Une grande partie de ce désir est liée au genre, surtout après qu'Alexia découvre que sa rencontre avec l'automobile l'a laissée enceinte. Bien qu'elle vive de son apparence, elle ne semble avoir aucun attachement personnel à leur égard au-delà du pratique - se coupant les cheveux, mutilant son visage, et liant ses seins et son ventre gonflé dans un plan impulsif et improbable de se faire passer pour Adrien Legrand. , un garçon du coin porté disparu depuis une décennie. Lorsqu'elle est présentée à son père, Vincent (un Vincent Lindon aux yeux magnifiquement tristes), elle ressemble beaucoup à une femme d'une vingtaine d'années avec un nez cassé et une coupure en brosse, mais l'homme hanté par le chagrin insiste, malgré toutes les preuves du au contraire, qu'elleestAdrien, lui revint après tout ce temps. Elle quitte son monde de performance féminine et entre dans la sphère hypermasculine de la caserne de pompiers dont il est capitaine, placée parmi les membres d'équipage si fidèles qu'ils semblent prêts à se joindre à la mascarade.

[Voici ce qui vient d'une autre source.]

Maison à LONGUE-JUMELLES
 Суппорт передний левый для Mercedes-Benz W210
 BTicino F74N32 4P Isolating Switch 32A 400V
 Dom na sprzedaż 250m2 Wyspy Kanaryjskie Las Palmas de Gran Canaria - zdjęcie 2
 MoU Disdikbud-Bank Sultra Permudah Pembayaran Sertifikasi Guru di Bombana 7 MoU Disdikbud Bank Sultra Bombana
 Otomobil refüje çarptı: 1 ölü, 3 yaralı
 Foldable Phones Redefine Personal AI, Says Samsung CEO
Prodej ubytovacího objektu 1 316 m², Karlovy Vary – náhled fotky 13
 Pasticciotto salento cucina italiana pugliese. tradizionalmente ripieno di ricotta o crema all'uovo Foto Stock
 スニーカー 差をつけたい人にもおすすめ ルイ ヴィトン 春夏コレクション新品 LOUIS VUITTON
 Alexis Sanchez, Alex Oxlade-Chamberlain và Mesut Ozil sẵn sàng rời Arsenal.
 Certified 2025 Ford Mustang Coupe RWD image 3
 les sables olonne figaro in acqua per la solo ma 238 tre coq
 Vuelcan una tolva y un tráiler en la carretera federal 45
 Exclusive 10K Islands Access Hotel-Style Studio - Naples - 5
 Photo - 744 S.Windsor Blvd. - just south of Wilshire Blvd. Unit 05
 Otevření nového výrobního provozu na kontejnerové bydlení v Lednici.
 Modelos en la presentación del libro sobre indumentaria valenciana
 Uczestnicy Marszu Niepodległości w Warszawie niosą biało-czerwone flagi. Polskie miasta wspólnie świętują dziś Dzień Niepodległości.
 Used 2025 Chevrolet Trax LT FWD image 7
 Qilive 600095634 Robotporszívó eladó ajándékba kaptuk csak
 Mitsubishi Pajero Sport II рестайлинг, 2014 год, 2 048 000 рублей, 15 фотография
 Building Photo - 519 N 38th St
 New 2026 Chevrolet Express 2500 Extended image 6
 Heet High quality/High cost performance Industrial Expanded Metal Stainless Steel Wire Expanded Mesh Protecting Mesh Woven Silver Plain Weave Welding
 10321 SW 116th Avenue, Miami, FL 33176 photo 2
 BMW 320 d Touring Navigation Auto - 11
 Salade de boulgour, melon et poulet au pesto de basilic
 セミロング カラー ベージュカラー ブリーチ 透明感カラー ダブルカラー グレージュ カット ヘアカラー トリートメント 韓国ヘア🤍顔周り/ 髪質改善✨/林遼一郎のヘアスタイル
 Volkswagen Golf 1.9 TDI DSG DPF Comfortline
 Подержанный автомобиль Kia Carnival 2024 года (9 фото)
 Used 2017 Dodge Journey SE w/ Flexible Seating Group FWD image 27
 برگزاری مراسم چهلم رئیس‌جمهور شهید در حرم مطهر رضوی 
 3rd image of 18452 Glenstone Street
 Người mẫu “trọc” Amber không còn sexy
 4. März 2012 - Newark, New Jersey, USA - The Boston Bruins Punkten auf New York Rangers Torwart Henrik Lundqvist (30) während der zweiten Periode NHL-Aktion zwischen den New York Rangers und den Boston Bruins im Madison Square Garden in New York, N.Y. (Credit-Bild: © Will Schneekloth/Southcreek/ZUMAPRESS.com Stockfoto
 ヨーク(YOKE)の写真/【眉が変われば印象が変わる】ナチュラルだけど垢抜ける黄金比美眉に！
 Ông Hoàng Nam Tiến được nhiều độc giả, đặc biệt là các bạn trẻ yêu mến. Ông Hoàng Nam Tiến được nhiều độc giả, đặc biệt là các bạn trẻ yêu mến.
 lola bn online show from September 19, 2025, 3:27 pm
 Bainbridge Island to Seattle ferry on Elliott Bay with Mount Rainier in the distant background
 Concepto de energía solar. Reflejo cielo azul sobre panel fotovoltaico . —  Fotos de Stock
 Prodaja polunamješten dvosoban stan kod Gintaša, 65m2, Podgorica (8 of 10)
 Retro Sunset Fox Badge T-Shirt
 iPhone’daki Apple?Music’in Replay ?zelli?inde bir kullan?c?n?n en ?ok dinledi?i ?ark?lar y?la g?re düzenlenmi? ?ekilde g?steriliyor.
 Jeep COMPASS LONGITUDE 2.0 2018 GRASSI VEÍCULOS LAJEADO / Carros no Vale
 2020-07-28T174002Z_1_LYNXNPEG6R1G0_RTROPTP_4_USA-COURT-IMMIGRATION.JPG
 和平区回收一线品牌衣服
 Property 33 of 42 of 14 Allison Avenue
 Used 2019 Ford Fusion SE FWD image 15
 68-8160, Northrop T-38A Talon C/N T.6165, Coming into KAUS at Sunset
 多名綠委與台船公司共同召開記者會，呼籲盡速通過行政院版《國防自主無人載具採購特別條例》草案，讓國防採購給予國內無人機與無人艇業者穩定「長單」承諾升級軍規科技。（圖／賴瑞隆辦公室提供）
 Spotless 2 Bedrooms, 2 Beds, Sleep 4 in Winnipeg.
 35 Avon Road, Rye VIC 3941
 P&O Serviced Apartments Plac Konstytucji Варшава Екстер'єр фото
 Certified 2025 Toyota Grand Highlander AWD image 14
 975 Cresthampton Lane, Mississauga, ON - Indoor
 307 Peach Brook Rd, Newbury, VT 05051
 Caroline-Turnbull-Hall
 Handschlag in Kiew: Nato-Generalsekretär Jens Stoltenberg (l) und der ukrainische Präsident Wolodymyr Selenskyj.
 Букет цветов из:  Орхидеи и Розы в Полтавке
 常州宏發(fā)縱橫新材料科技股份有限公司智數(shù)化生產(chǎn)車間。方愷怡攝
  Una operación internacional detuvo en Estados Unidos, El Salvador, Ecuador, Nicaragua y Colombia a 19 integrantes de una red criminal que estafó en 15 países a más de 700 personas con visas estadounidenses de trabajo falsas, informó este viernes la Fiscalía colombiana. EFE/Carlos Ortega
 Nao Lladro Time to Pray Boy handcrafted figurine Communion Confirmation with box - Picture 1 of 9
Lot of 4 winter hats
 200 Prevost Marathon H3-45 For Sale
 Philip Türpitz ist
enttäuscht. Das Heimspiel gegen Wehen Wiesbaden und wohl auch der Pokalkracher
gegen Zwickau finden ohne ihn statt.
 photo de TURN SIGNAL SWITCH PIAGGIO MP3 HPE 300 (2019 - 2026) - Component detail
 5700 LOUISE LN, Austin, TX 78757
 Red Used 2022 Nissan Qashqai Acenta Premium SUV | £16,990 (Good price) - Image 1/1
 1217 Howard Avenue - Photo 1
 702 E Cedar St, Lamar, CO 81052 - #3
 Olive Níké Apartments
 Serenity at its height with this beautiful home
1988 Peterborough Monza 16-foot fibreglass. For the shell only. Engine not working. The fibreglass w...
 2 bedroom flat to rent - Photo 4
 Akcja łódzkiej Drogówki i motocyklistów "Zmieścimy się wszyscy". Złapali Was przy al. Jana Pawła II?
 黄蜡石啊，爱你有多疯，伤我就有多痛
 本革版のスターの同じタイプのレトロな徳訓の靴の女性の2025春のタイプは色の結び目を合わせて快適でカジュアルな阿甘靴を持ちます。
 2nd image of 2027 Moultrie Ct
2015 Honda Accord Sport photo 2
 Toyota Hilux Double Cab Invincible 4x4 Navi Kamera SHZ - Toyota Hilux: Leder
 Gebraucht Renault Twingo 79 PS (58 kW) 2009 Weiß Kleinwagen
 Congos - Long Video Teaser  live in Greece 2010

Alexia fait de son mieux pour s'intégrer, non seulement par instinct de conservation, mais aussi parce que plus elle passe de temps avec le tendre et fragile Vincent, plus elle semble souhaiter pouvoir se débarrasser de son ancien moi et devenir Adrien pour de vrai, versant elle-même dans l'espace qu'il a laissé derrière lui, tant physiquement qu'émotionnellement.TitaneLes moments d'horreur corporelle les plus efficaces de ne sont pas vraiment stylisés et ont à voir avec la claustrophobie d'être piégé dans une grossesse non désirée. SiTitaneest alimenté par le désir désespéré de ses personnages de contrôler leur propre chair, la façon dont le corps d'Alexia continue de menacer de l'exposer est sa plus grande source de panique. Elle tente, dans une scène atroce, d'y mettre fin elle-même, et la caméra s'attarde sur les marques et les plaies laissées sur la peau d'Alexia par ses tentatives quotidiennes pour modeler son torse féminin fécond à la forme qu'elle souhaite. Pendant ce temps, Vincent regarde avec maussade sa propre forme peu coopérative dans le miroir, essayant de conjurer le temps en s'injectant ce qui semble être des stéroïdes et explosant de frustration lorsqu'il ne peut pas faire les exercices de force qu'il faisait auparavant. Ce sentiment de trahison fondamentale résonne avecTitaneLes premières images d'une jeune Alexia recevant une plaque de titane dans le crâne après un accident de voiture. Au début, il semble que cela lui ait simplement donné une affinité avec la mécanique, mais à mesure que le film avance, cela ressemble davantage à une promesse obsédante qu'elle pourrait se modifier aussi facilement que n'importe quelle automobile.